Author: PRODUCTBOARD
PRODUCTBOARD
22nd April 2026AI Product Management, Spark

The night before Vijit Nair joined us at Productboard's San Francisco product community meetup, his team at Corelight shipped what he describes as one of the few truly agentic products in the cybersecurity industry. Corelight builds threat detection software sold into security operations centers, and their new product does in seconds something that previously took a trained analyst 1-2 hours: it pulls all the relevant context, autonomously investigates a security alert, and delivers a verdict in seconds.

Vijit walked in the next evening without a polished success story. What he brought instead was something more useful.

“It took way longer than any of us anticipated. The things we did not anticipate were just how much work we’d need in terms of context engineering, agent evals and scaffolding."

— Vijit Nair, VP of Product, Corelight

This is the gap that most product teams are quietly living in right now. Everyone is being told to move fast with AI. Far fewer people are talking about what moving well actually looks like. Over the course of the evening, Vijit laid out a framework that gave the room a shared vocabulary for exactly that question.

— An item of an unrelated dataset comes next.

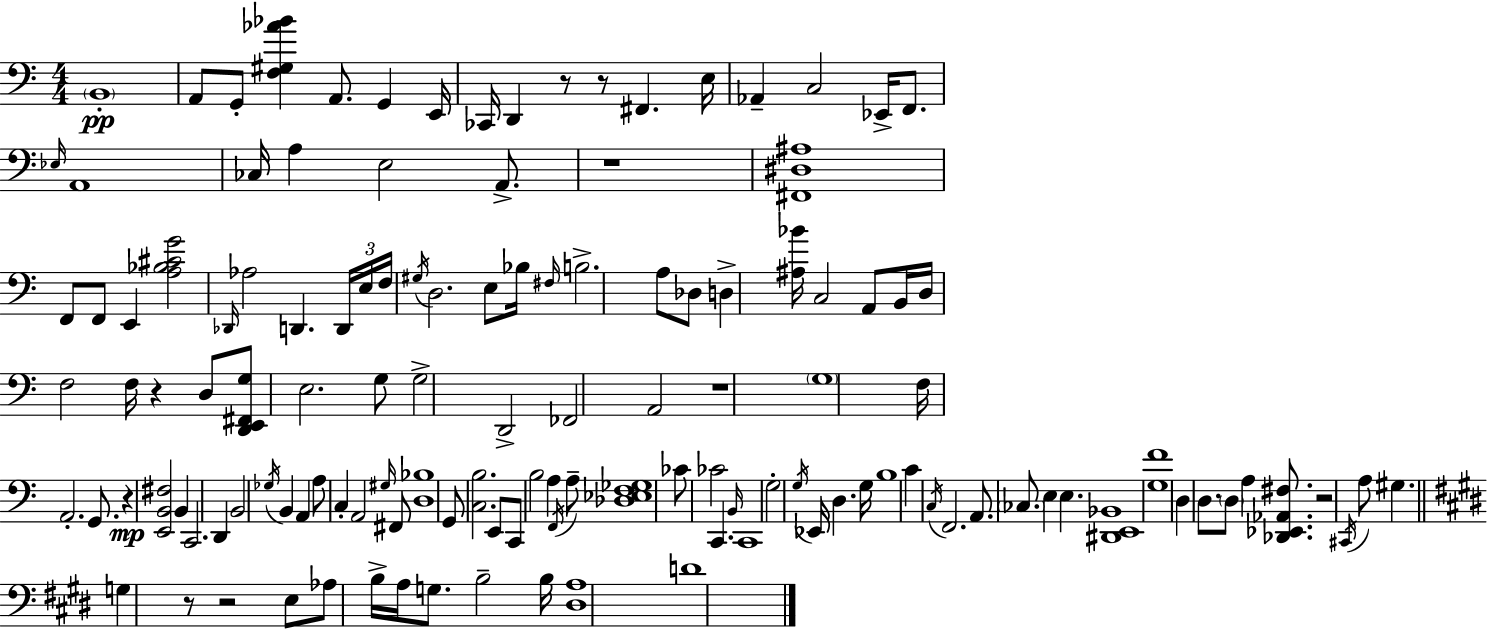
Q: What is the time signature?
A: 4/4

The 3-Level AI Maturity Model

The framework starts with a spectrum. On one end, you have AI features where humans are entirely in control and AI plays a supporting role. On the other, you have systems that operate completely autonomously, with no human review at any step. Vijit breaks this into three named levels.

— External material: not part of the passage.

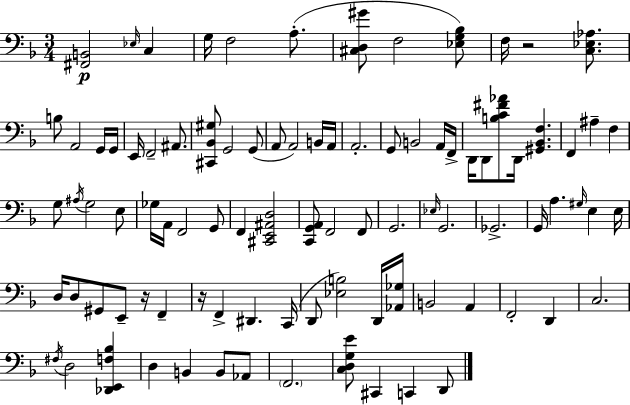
[F#2,B2]/h Eb3/s C3/q G3/s F3/h A3/e. [C#3,D3,G#4]/e F3/h [Eb3,G3,Bb3]/e F3/s R/h [C3,Eb3,Ab3]/e. B3/e A2/h G2/s G2/s E2/s F2/h A#2/e. [C#2,Bb2,G#3]/e G2/h G2/e A2/e A2/h B2/s A2/s A2/h. G2/e B2/h A2/s F2/s D2/s D2/e [B3,C4,F#4,Ab4]/e D2/s [G#2,Bb2,F3]/q. F2/q A#3/q F3/q G3/e A#3/s G3/h E3/e Gb3/s A2/s F2/h G2/e F2/q [C#2,E2,A#2,D3]/h [C2,G2,A2]/e F2/h F2/e G2/h. Eb3/s G2/h. Gb2/h. G2/s A3/q. G#3/s E3/q E3/s D3/s D3/e G#2/e E2/e R/s F2/q R/s F2/q D#2/q. C2/s D2/e [Eb3,B3]/h D2/s [Ab2,Gb3]/s B2/h A2/q F2/h D2/q C3/h. F#3/s D3/h [Db2,E2,F3,Bb3]/q D3/q B2/q B2/e Ab2/e F2/h. [C3,D3,G3,E4]/e C#2/q C2/q D2/e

  • Level 1 — Assist. Human-led, AI-assisted. The PM and the end user drive every step of the workflow, and AI surfaces insights, drafts content, or flags issues on request. This is high control, low agency, and it’s where every team should begin.
  • Level 2 — Automation. AI-led, with a human in the loop. Roughly 50 to 70 percent of the workflow runs autonomously, and a human reviews, approves, and course-corrects. The default has flipped: AI initiates, humans validate.
  • Level 3 — Autonomous. No human review. The system detects, decides, and acts on its own. This is the destination, not the starting point.

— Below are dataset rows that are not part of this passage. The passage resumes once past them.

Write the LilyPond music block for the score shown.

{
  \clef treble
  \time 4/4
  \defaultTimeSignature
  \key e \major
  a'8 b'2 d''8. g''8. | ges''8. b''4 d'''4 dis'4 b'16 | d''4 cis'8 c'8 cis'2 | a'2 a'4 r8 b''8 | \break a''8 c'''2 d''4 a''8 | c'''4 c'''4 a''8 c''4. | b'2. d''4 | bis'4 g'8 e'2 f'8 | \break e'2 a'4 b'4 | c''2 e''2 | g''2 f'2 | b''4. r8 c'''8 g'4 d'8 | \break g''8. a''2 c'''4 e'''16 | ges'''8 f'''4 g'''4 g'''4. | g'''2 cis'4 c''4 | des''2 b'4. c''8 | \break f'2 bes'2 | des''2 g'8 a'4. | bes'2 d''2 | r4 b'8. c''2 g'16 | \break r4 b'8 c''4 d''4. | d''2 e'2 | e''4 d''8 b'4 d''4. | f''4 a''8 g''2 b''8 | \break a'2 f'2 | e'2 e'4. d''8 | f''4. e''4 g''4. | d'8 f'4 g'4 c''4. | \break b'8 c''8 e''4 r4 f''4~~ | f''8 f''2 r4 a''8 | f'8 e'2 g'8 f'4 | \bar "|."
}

“You think of that as going from high control, low agency on the left, to very low control, high agency on the right. And on the high control, low agency side — that’s where everybody should begin.”

— Vijit Nair, VP of Product, Corelight

What makes this model genuinely useful is the premise underlying it. Climbing from Level 1 to Level 3 is a trust-building journey with your users, not a technology roadmap. The model capabilities may be ready for full autonomy. Your customers almost certainly are not, and in high-stakes B2B environments, the consequences of skipping levels aren’t just bad UX. They’re relationship-ending.

“If you give an answer to a SOC analyst where you say a particular threat is not valid and it actually is valid, they will never look at your AI product again. Trust is a very important component in our industry.”

— Vijit Nair, VP of Product, Corelight

The same logic applies in financial services, legal tech, healthcare, and any other domain where an AI mistake carries real downstream cost. The question worth asking before your next sprint: which level are your AI features operating at today, and is that actually where your customers trust you to be?

Why Most Teams Are Building at the Wrong Level

There’s a pattern that quietly derails agentic product builds. Teams believe they’re operating at Level 2 or 3. Their customers are still calibrated to Level 1. Internal confidence and customer trust diverge, and the product ends up over-promising in ways that erode the relationship rather than build it.

Two things from the Corelight build came up repeatedly as surprises, even for a team that had been working with AI since GPT-3.5 launched in 2023.

Data unlocks Level 2, Trust unlocks Level 3

Moving up the spectrum is a shift in the relationship between user and machine, governed by two distinct keys. Moving from Assist to Automation requires high-fidelity data. Without a robust context engine, an agent cannot initiate a workflow accurately. Level 2 becomes possible once the AI has enough information to act correctly most of the time. Even with perfect data, you cannot reach Autonomous status without the user’s permission to let go of the wheel. In high-stakes fields, the "human-in-the-loop" is a psychological requirement. You only reach Level 3 when the user has seen Level 2 succeed so consistently that manual review feels redundant.


The scaffolding is the real work.

It’s tempting to think of agentic product development as: choose a model, write some prompts, ship. What Vijit’s team found is that the model work itself was the easy part. The bulk of the effort went into the infrastructure around it, including guardrails, context engineering, prompt engineering, orchestration, and building agents specifically designed to check the work of other agents before any output reaches a user. None of that was trivial, and none of it was anticipated in the original timeline.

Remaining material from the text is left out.